Let me forget about today until tomorrow.

I was so much older then, I’m younger than that now.2                                 

Dylan’s shorthand semiotics cut a wide swath as he influenced those who rose to positions to influence others from editorial offices, production studios, advertising and public relations boardrooms, and even the U. S. Supreme Court:

In the past two years, Mr. Dylan’s lyrics have turned up twice in opinions by members of the nation’s highest court ... In 2008, Chief Justice John G. Roberts Jr. quoted Mr. Dylan’s “Like a Rolling Stone” lyric, “When you got nothing, you got nothing to lose,” in an opinion over a dispute between phone companies. In a 2010 case deciding that a California police department did not violate an officer’s privacy by auditing text messages sent on a city-issued pager, Justice Anton Scalia wrote that “The times-they-are-a-changin’ is a feeble excuse for disregard of duty” (Schweber, 2015).

“His influence has extended well beyond the United States and well beyond his chosen genre of songwriting to literature, film, politics, and religion,” states David Anderson (2011). From his very first penned song, “Talkin’ New York” (1962), Dylan has been “sticking up for an ideal justice which he says doesn’t exist….He’s wishing that the system worked and disappointed that it didn’t.” (Pete Kennedy, quoted in Schweber, 2011):

Now, a very great man once said / That some people rob you with a fountain pen.

It didn’t take too long to find out / Just what he was talkin’ about.

A lot of people don’t have much food on their table,

But they got a lot of forks ‘n’ knives,

And they gotta cut somethin’.

In reviewing the 2005 collection Bob Dylan and Philosophy, Bob Lane (2014) wrote, “The overall theme is how Bob Dylan’s work is involved in ‘ethical notions of responsibility and justice’ and how that concern places Dylan in a long line of American notables—Emerson, Thoreau, Whitman, Kerouac, Ginsberg, Vonnegut—who are moralists in the best sense of the word.”

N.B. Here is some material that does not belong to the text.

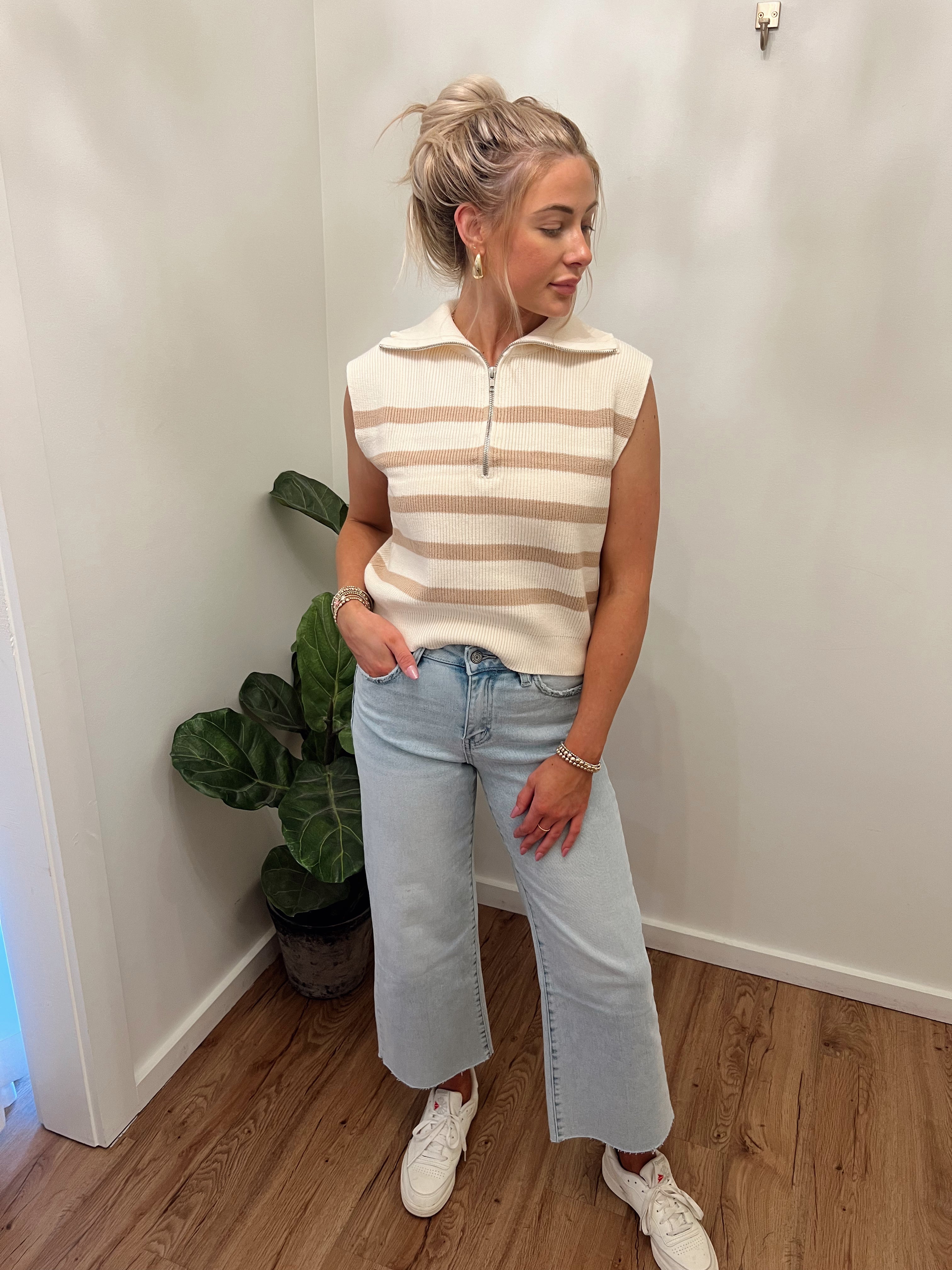 Mariam Striped Zip Up Sweater Tank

Dylan’s call for justice and a personal responsibility for its quest (“You can have the Truth / But you have to choose it,” “Lay Lady Lay,” 1969) is perhaps best illustrated in his 1962 classic and perennially-covered “Blowin’ in the Wind.” The song also introduces us to Dylan’s enigmatic side, as he provides no answers for his relentless questions on the extent of human indifference to suffering. Unlike the contemporaneous Pete Seeger/Lee Hayes Hammer Song (better known as “If I Had a Hammer” when it became a hit by Peter Paul & Mary), that proposed an active beating, ringing, and singing out of danger, warning, and love, Dylan poses these challenges:

How many roads must a man walk down / How many seas must a white dove sail

How many times must the cannon balls fly / How many years can some people exist / How many times can a man turn his head / How many ears must one man have /

How many deaths will it take ‘til he knows…

...but don’t expect him to give any easy answers. They are all, my friend, “blowin’ in the wind.” It’s up to you to find them. “His work and his many personae are, at turns, not only insightful and inspirational, wise, difficult and mysterious but also contradictory, inconsistent and, yes, self-serving” (Anderson, 2011).

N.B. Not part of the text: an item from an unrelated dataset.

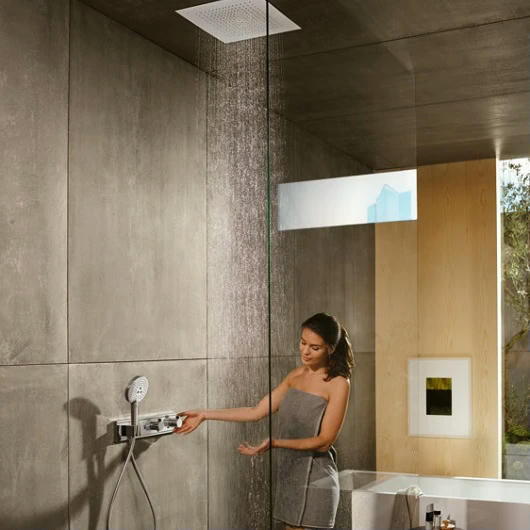 Фото Смеситель для душа с термостатом hansgrohe RainSelect 15355600 черный хром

Dylan’s early folk/protest work is replete with Kantian themes of absent justice, and the need to live up to our imperatives to promote equal rights and dignity. 

Dylan’s lyrics—especially those with which he issues moral judgments or makes moral claims—presuppose that we live in a moral universe, one in which moral law is part of the infrastructure of reality…which philosophers sometimes call ‘moral realism.’ (Beckwith, 2014, p. 148)

He purposefully creates enigmas to deflect blame-shifting and make us all think about our conscious and unconscious contributions to injustice. In “Who Killed Davey Moore?” (1964), he leaves unstated the blame that must be shared for the death of the boxer in the ring as he runs through the hollow denials of responsibility by the song’s cast—the referee, crowd, manager, gambler, and sportswriter, each saying “No, you can’t blame me at all.” In the final verse, Dylan raises his eyebrow musically at the proclamation by Moore’s opponent that “I hit him, yes, it’s true / But that’s what I’m paid to do / Don’t say ‘murder,’ don’t say ‘kill’ / It was destiny, it was God’s will.”   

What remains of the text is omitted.